What was also already known was that a handful of optical transitions 
was occurring, such as Aluminium, Strontium etc. At the same time, what 
was apparent was that multiple physical package approaches was being 
used. Both neutral atoms and ions was used. Laser cooling with various 
methods was applied. Single atom, lattice, etc. State-squeezing also 
applied. We see super-Ramsey interrigation being used to compensate 
first degree doppler. There is a richness of methods and tricks that is 
applied to further improve the performance. They all end up in a similar 
range of performance.

Now, this is in contrast with the times when Cesium was selected. 
According to the criterions at the time, Thallium 205 was actually 
considered, but in the only physical realisation of atomic beam device, 
Thallium 205 had one performance edge over all other, in the magnetic 
shift sensitivity is 20 times better than the next competitor of Cesium 
133. However, Thallium had two techical drawbacks at the time making 
physical implementation difficult, the transition frequency of 
21.3108339461 GHz was at the time considerably harder to achieve than 
the Cesium 9.192631770 GHz. Secondly the ionization was harder to do in 
the masspectrometer needed for detection, resulting in weaker signal, 
worsening the signal to noise ratio and predicted lower stability 
properties.

Notice how the performance of a single type of physical package shaped 
the field. Today we have removed ionization as measure for state-flip in 
the Ramsey interigation, we can do that using lasers. Optical readout 
was done at NIST-7, and the continuation of that is in the form of 
todays fountain clock realizations that also address some of the other 
issues of the original beam clocks. Observation time has been 
considerably improved in the folded beam of the fountains. Some effects 
is first-degree compensated for but subtle micro-lensing effects occurs 
and is compensated for. Also, the sensitivity to magnetic field has been 
removed as effect. Through observation of the splitting of fields, the 
magnetic field can be measured and even stabilized or compensated, to 
create a stable and well known shift. This have even made it into the 
commercial clocks such as FTS-4040, FTS-4065, HP5071A and others.

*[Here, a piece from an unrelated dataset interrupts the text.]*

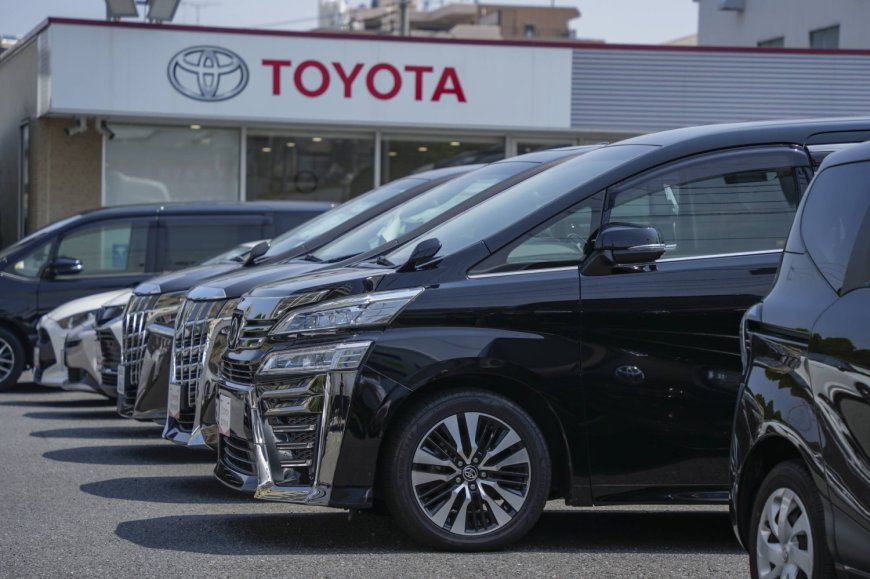 Toyota unveils ¥1 trillion share buyback and raises profit outlook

For some time, it was even thought that Rubidium was better suited for 
fountain operation than Cesium, but learning to control the issues the 
shift can be estimated and compensated for and they are more or less on 
par after that.

So, what we can see is that the realization form now varies greatly and 
that then in combination with the spieces (atom and its particular 
isotope) it becomes a race to combine all the tricks and perfecting it. 
The exact frequency in the optical range varies a little, and higher 
should be better, but other factors also combine to a rather complex 
mixture. It's not a very clear race of speices, it's a much more 
multi-dimensional field.

So, history teaches us that our selection criterions may be completely 
wrong down the line, and that development can take interesting turns 
that we do not fully can forsee.

Further, there is additional concerns here. One such concern is one of 
both political and practical aspect. If we come up with a definition of 
a single spieces that for it's realization turns out to be hard to 
realize or duplicate, with the needed repeatability (our ability to 
build multiple giving the same measure), we can end up in a new kg 
reference unit situation, in which only one lab (or possibly very few) 
have access to the actual reference. This creats both practical issues, 
you can say it is a problem of democratic access even, and there can 
become political conotations to that which we really want to avoid.

Another aspect is that you can end up locking yourself to a definition 
that actually turns out to be a particular bad choice, that you can have 
trouble to develop further, and then you end up having to redefine later.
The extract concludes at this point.